The wind comes from the west. You can check that it works; anyway, here is how I found this out:
Let us denote by $\displaystyle \vec{w}={w_E\choose w_N}$ and $\displaystyle \vec{v}={\alpha \choose \alpha}$ the respective speeds of the wind and the man, in an orthonormal basis $\displaystyle (\vec{e}_E,\vec{e}_N)$ (E for east, N for north). Since the man goes NE, both components of $\displaystyle v$ are equal to some positive $\displaystyle \alpha$.
We know that the relative speed, i.e. the vector $\displaystyle \vec{w}-\vec{v}={w_E-\alpha\choose w_N-\alpha}$, is along the N direction, hence the E component is zero: $\displaystyle w_E=\alpha$.
Then we are told that the vector $\displaystyle \vec{w}-2\vec{v}={w_E-2\alpha\choose w_N-2\alpha}$ is (positively) colinear with $\displaystyle -{1\choose 2}$. This is the content of the statement about "arccot 2" (draw a right triangle with perpendicular sides of length 1 and 2; the least angle measures $\displaystyle {\mathop{arccot}}(2)$).

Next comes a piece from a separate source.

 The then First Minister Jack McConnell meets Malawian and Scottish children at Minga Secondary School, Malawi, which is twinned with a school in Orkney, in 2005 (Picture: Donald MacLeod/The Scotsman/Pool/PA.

As a consequence, $\displaystyle \frac{w_N-2\alpha}{w_E-2\alpha}=2$. Replace $\displaystyle \alpha$ by $\displaystyle w_E$ (as seen above), to get $\displaystyle 2-\frac{w_N}{w_E}=2$, hence $\displaystyle w_N=0$.
Finally, $\displaystyle \vec{w}={\alpha\choose 0}$ (the same $\displaystyle \alpha$ as in $\displaystyle \vec{v}$), and $\displaystyle \alpha>0$, which means that the wind comes from the west.
I hope my explanations are clear.
Laurent.